──────── TASK MATERIAL ────────
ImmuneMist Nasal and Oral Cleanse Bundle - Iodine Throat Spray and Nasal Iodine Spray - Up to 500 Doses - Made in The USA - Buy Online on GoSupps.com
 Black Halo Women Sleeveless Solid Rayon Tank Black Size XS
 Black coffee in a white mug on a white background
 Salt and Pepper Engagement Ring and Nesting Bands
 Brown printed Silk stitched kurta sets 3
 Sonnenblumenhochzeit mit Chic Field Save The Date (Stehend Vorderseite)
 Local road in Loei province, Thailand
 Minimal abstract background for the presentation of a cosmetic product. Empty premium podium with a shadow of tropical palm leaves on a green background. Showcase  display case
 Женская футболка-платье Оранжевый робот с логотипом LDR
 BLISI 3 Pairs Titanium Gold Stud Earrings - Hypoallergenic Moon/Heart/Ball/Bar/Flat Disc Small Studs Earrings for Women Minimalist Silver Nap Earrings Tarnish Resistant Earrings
────────
[TASK GOAL]:
Working from the records above, write out verbatim only the lines from the line containing "Sonnenblumenhochzeit mit Chic" through the line containing "Minimal abstract background".

[RESULT]:
 Sonnenblumenhochzeit mit Chic Field Save The Date (Stehend Vorderseite)
 Local road in Loei province, Thailand
 Minimal abstract background for the presentation of a cosmetic product. Empty premium podium with a shadow of tropical palm leaves on a green background. Showcase  display case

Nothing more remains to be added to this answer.